Retirement age limit of 50 opens door for younger refs, says Curley

Inter-county referees David Coldrick, Brian Gavin and Pat McEnaney at the launch of the GAA's Referee Development Plan
Inter-county referees David Coldrick, Brian Gavin and Pat McEnaney at the launch of the GAA's Referee Development Plan
Martin Breheny

Martin Breheny

THE age of eligibility for the Old Age Pension may be headed upwards but from next year GAA inter-county referees will have to hand in their whistles earlier than ever before.

From January 1 next, 50 years of age will be the cut-off point for referees as the GAA reacts to the added physical pressures on officials while also clearing the opportunity channels for a younger generation.

Up to now, there was no age restriction, but as part of an overall development plan for the next five years, the National Referees Committee (NRC) recommended the change. It's expected that eight to 10 referees will drop off the inter-county panel on age grounds next January. They will, however, be allowed to continue at club level.

NRC chairman Mick Curley said the change would offer younger referees an opportunity to advance their careers. It was also felt that the physical demands on inter-county referees had become so great that it wasn't appropriate to continue beyond 50 years of age.

It's estimated that, over the course of a game, a referee will cover two-thirds as much ground as a midfielder, underlining just how tough the job is before he even starts making difficult decisions.

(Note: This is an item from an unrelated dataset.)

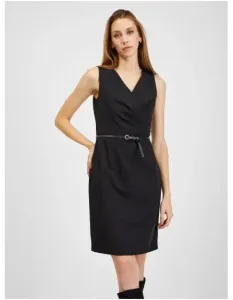 Čierne dámske šaty #6515327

Curley, a former All-Ireland referee, retired at the age of 51.

training

"It was the right time for me to go. I had done what I wanted to do and I found it difficult at times to keep the training up to the level that was required," Curley said.

The age limit was welcomed by top football referee Pat McEnaney, who will be forced out of the inter-county scene in January 2012.

"There are too many referees over 50 who are clogging up the system. We are not getting our younger referees through quickly enough," he said. "We've got some good young lads coming through.

"We have Padraig Hughes from Armagh, Rory Hickey from Clare, Joe McQuillan (Cavan) is still a young lad, Cormac Reilly from Meath as well. And then there's David Coldrick (Meath), he's still a young referee. We're in good hands."

The plan is for referees who retire at 50 to become tutors and assessors, thereby utilising the vast experience they have gained throughout their careers.

Meanwhile, a new classification system for referees is to be introduced between the end of this year's leagues and the start of the championship. It's expected that around 15 football and 10 hurling referees will be categorised as senior championship referees, with others classed as stand-by referees, linesmen and sideline officials.